すでに中西と中井は室内でトレーニング準備を始めていた。すぐにグラウンドに飛び出るかと思いきや、なかなかその場を離れない。見ていると、中西は中井に左右の目の動きについて話していた。立ったまま、黒目を左右に動かしながら何かを説明している。さらに股関節を中心に、中井の関節の動きを細かくチェックしていた。この準備時間ですでに30分は超えている。

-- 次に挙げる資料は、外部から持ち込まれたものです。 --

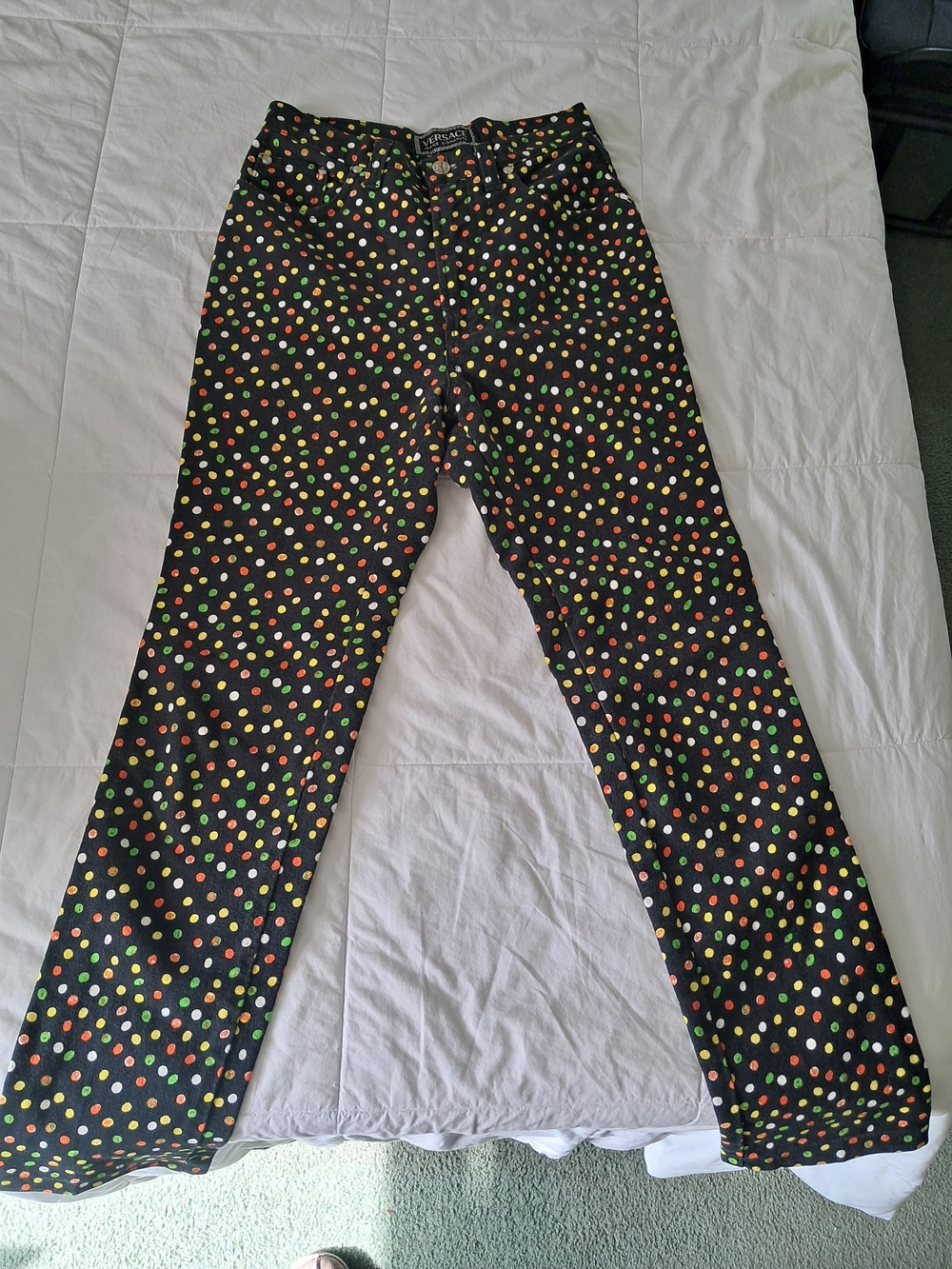 Authentic Versace Black High-Rise Jeans with Multicolor Polka Dot Print - Picture 3 of 13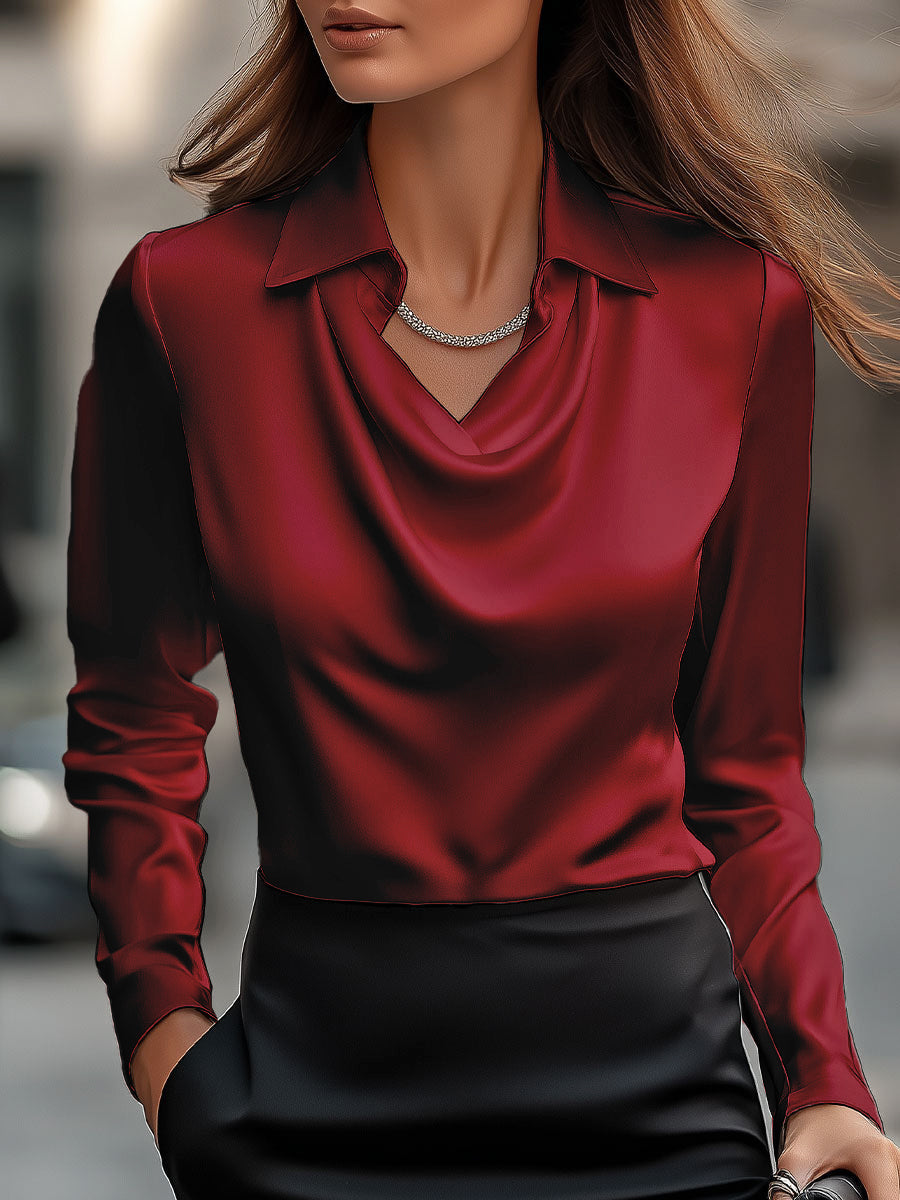 Elegant White Satin Draped Neckline - Women's Blouse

このときはまだ、ここからグラウンドで何が起きるか知る由もなかった。
この日は体を横方向に動かしながらボールをタッチする練習から始まった。メニューがどんどん進む中、中西は上半身と下半身の動かし方を細かく指導する。すると、時間経過とともに中井が嬉々とした声をどんどん上げていく。
「あ、テツさん少しずつ見えてきました!これか!」
それは完全に中井のなかで、何かがブレイクスルーした瞬間のように見えた。練習は続く。今度はキックのメニュー。軸足抜き、蹴り足着地のフォームでインカーブ軌道のボールを蹴り、終盤にはアウトカーブのボールも蹴り込んでいった。
ここでも中井は、何かに気づいたようだ。
「キックにも目の動きが関係しているなんて、これまでまったく気にしていなかったですよ」
すべてのトレーニングセッションが終わり、中井は確信に満ちた表情をしていた。一体、彼は何に充実を感じていたのだろうか。
技術向上に必要だった、目の動き
中井はうれしそうにしながら、自らこちらに今日の練習のキーワードを明かしてくれた。
「テーマは、目線だったんです。もちろん体の動かし方やフォームの指導もありましたが、今日はとにかく目、でした(笑)」
あの、室内で時間をかけていた目の動き。何がどう、このトレーニングに生きていたのか。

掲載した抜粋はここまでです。